[Data shown Boundary: Start]

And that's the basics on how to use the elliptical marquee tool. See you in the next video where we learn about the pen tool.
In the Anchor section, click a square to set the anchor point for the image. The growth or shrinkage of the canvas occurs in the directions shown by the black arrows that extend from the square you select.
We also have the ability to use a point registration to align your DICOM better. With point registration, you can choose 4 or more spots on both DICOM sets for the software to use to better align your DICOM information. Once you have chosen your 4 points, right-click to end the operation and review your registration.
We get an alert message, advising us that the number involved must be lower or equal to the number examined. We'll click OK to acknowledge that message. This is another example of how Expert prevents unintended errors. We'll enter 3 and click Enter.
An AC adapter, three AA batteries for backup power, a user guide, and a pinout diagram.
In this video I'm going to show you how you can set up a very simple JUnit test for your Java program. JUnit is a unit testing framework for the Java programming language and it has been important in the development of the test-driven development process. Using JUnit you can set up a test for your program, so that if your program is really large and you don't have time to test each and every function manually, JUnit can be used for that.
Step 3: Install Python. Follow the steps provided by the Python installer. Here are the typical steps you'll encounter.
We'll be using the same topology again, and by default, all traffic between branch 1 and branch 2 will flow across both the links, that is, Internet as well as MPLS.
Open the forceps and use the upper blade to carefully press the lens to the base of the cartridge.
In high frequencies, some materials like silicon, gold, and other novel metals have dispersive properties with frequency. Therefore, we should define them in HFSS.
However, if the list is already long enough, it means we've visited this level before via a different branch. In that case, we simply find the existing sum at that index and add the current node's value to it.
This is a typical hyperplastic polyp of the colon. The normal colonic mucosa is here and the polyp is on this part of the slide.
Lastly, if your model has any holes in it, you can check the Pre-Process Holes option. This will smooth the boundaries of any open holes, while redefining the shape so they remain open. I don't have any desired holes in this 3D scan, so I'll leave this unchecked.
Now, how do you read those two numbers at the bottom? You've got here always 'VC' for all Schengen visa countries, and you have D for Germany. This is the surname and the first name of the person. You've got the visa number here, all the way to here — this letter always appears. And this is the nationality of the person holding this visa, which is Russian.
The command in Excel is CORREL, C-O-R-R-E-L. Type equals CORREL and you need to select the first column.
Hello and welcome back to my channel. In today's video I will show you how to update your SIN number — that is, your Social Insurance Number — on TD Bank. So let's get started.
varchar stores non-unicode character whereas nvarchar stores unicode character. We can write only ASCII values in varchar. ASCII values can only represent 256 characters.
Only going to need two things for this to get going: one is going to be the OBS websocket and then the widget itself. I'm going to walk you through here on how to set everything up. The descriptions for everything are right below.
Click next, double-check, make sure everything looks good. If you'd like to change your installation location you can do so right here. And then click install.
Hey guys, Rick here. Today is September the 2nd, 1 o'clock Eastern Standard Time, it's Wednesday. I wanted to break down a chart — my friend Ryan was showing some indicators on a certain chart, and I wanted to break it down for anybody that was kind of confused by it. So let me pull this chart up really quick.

[Data shown Boundary: End]

_The task_
Search the data above for the string "everything". Report every line where it is found.

_Solution to this task_
Only going to need two things for this to get going: one is going to be the OBS websocket and then the widget itself. I'm going to walk you through here on how to set everything up. The descriptions for everything are right below.
Click next, double-check, make sure everything looks good. If you'd like to change your installation location you can do so right here. And then click install.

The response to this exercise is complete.